Fox’s request for report on Picton parking issues supported

Changes are coming to the Picton parking bylaws in time for the summer tourist season. (Chad Ibbotson/Gazette staff)

Long-term passes, winter conditions, accessibility discussed Thursday



County councillors are poised to get a staff report about parking options in Picton following a request made by Hallowell councillor Gord Fox at Thursday’s committee-of-the-whole meeting.

Fox told his colleagues he’d been conversing with a Main Street business owner who does not have parking directly behind her store, but who regularly brings in materials. Taking advantage of free parking on Mary Street or King Street had increased the difficulty for her.

“I won’t mention names, but she’s an older lady. It’s quite a burden,” Fox said.

He added that he’d been talking with chief building and bylaw enforcement official Andy Harrison about finding ways to make parking more convenient than the present metered system.

“For those people who don’t have parking, business people, can they buy a monthly parking certificate? Or maybe anyone can,” Fox continued. “Another thing we talked about too was in the winter time, it gets complicated. If the streets aren’t clean or they throw snow against a parking meter, how do you get to it? It will be especially difficult for people with mobility issues.”

North Marysburgh’s David Harrison echoed the concerns.

“I’ve heard complaints now for quite a while and there will be nowhere to winter park without literally being in violation of a bylaw,” he said. “I think the route we’ve taken with parking is on Main Street is basically going to be kill the downtown. People don’t like the meters.”

Fox said he understood Andy Harrison was in the process of collecting data and that he would be prepared to come back to council with a report at a later date with suggestions.

Janice Maynard, of Ameliasburgh, agreed parking is an issue in any semi-urban area and suggested that monthly passes might be a good idea. She also stressed that those people who do have mobility issues and an accessible parking permit can park anywhere in the town.

Maynard wondered, however, about the chain of command given that Andy Harrison was already collecting data and she questioned what he’d be reporting on.

Chief administrative officer James Hepburn said he hadn’t spoken with Andy Harrison about parking, but was aware the new pay-and-display machines offer sophisticated data and that he does review it. He said he couldn’t speak to where Harrison might be in data collection, but noted he expects that information would be a part of any report and possible recommendation.

“In my view, that would be part of this report back to council and we would engage him in conversation and find out what is going on,” he said.
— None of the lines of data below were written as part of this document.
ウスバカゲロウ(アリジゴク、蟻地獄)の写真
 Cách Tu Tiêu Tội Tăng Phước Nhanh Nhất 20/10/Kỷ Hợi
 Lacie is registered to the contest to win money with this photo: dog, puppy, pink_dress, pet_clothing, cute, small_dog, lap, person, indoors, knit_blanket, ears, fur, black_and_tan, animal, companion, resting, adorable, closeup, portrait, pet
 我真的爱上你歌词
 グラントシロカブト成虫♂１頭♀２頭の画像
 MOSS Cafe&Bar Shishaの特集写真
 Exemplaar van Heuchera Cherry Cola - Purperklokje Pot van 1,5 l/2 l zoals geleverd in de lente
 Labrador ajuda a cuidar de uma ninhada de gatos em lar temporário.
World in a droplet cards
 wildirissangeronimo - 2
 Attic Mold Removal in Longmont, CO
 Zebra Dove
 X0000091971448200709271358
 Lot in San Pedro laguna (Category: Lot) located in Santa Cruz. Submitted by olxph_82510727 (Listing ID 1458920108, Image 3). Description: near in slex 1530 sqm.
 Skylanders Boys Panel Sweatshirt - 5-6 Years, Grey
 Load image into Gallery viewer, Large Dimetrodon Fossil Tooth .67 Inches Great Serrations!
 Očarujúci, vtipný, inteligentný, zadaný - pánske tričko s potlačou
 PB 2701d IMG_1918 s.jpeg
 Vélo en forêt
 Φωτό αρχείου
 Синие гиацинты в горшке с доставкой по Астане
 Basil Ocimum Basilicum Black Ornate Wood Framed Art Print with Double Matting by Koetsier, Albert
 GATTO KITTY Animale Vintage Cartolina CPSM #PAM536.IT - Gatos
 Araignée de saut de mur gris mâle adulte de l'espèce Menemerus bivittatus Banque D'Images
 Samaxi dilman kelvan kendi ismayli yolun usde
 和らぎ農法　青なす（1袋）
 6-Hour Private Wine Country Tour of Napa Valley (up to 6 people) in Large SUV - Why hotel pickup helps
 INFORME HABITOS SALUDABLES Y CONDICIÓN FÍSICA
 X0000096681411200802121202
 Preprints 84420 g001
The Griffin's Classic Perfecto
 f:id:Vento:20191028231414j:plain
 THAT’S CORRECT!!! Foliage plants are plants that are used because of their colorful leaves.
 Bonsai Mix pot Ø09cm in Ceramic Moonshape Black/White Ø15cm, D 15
Fox added that he simply had concerns brought to him and he went to ask Andy Harrison about it. The official told him he understood the issues and was prepared to bring them back to council.

“He knows there re problems and all of those things we’re asking for will come back in that report. I’m simply asking for a report (now),” Fox said.

Before committee of the whole endorsed the request, two councillors tacked on requests they’d like to see considered.

Sophiasburgh’s Bill Roberts asked that the report’s authors contact the Regent Theatre as its management had particular concern about time limits and mobility constraints.

“Their audiences are, no average older and less mobile and the things they see last three hours. They’re in a pickle. What do they do? If they touch base and hear them out, that would be very helpful.”

Steve Ferguson, of South Marysburgh, asked the report touch on accessible parking and violations. He said there are daily violations of people without permits parking in clearly marked spots.

“If ticketed, there would be a fairly significant addition to the County coffers and it would certainly discontinue the practice on an ongoing basis,” he said.